Short text fragments from websites
—————
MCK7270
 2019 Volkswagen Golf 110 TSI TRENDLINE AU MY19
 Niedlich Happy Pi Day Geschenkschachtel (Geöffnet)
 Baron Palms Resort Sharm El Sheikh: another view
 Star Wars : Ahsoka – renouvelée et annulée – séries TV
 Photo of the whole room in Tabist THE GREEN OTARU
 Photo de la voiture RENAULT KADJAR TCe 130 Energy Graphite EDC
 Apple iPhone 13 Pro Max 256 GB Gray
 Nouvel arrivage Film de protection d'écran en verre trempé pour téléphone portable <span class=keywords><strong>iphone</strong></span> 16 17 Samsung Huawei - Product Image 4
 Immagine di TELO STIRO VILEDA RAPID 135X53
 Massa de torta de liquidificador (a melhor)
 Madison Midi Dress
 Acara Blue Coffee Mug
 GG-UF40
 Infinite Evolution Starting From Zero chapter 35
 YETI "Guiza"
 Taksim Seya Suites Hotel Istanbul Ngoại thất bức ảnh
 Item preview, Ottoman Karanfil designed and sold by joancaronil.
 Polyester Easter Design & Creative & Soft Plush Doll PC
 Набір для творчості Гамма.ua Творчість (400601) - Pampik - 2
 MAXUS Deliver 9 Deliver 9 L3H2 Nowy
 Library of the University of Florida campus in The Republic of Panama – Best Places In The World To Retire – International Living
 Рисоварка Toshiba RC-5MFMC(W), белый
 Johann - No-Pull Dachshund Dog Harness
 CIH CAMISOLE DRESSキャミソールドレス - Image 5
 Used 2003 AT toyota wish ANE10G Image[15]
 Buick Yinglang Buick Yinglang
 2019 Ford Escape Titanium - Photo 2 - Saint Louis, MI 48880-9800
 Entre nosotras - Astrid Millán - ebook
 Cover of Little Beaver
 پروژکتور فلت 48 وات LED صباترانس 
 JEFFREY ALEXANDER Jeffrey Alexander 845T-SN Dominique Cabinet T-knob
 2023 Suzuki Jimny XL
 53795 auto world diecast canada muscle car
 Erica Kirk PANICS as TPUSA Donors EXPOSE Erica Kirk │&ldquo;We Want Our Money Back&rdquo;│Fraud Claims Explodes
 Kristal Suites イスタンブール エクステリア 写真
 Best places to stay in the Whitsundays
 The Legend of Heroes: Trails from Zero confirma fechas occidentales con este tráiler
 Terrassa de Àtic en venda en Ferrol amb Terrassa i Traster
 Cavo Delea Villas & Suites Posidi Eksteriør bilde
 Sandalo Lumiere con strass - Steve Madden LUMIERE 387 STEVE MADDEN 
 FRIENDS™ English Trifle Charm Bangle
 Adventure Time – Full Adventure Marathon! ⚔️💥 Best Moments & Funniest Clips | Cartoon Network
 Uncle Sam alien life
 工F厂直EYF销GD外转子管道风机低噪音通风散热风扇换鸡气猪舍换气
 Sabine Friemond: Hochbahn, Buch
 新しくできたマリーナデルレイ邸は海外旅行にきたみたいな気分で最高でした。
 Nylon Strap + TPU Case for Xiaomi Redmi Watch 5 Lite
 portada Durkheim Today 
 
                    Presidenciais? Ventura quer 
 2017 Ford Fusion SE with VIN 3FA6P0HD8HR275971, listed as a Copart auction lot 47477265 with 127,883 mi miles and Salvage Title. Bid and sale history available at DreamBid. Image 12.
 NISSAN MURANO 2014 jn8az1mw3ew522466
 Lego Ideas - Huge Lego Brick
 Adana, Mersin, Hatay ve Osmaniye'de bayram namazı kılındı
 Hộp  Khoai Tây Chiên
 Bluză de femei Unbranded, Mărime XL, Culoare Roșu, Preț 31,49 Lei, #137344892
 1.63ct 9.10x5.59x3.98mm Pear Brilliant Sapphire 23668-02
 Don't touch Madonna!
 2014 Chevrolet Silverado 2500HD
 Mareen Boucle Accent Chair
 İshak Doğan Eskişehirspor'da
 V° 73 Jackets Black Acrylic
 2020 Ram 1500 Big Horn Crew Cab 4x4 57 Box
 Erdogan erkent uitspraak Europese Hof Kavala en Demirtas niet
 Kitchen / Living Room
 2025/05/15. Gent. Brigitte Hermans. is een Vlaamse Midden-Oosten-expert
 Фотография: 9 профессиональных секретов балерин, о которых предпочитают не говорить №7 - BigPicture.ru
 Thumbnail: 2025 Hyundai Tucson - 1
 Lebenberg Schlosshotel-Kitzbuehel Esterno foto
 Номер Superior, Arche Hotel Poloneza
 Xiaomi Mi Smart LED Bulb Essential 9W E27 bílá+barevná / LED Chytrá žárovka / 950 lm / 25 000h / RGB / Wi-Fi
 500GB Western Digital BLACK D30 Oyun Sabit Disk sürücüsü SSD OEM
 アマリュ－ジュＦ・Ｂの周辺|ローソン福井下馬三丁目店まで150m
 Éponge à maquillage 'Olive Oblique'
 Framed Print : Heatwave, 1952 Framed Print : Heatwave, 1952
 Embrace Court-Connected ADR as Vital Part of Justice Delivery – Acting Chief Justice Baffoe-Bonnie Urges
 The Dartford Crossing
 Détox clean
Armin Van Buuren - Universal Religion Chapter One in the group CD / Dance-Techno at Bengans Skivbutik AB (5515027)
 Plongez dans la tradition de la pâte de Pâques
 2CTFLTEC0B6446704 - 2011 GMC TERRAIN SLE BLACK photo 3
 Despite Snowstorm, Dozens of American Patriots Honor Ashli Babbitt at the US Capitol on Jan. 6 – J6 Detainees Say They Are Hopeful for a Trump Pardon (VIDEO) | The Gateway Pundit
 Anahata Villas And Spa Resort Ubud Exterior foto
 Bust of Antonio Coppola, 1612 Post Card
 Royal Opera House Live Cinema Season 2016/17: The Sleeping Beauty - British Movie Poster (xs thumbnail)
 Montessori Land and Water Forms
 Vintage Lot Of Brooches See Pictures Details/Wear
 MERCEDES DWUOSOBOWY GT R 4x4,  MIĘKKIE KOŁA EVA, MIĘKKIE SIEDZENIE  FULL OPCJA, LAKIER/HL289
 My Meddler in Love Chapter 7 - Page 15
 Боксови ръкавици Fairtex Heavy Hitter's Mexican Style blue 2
—————
Look above for the line holding "پروژکتور فلت 48 وات LED صباترانس" and the line holding "Kristal Suites イスタンブール エクステリア 写真", then output exactly those two lines and every line between them, nothing more.

*Result for this task*
 پروژکتور فلت 48 وات LED صباترانس 
 JEFFREY ALEXANDER Jeffrey Alexander 845T-SN Dominique Cabinet T-knob
 2023 Suzuki Jimny XL
 53795 auto world diecast canada muscle car
 Erica Kirk PANICS as TPUSA Donors EXPOSE Erica Kirk │&ldquo;We Want Our Money Back&rdquo;│Fraud Claims Explodes
 Kristal Suites イスタンブール エクステリア 写真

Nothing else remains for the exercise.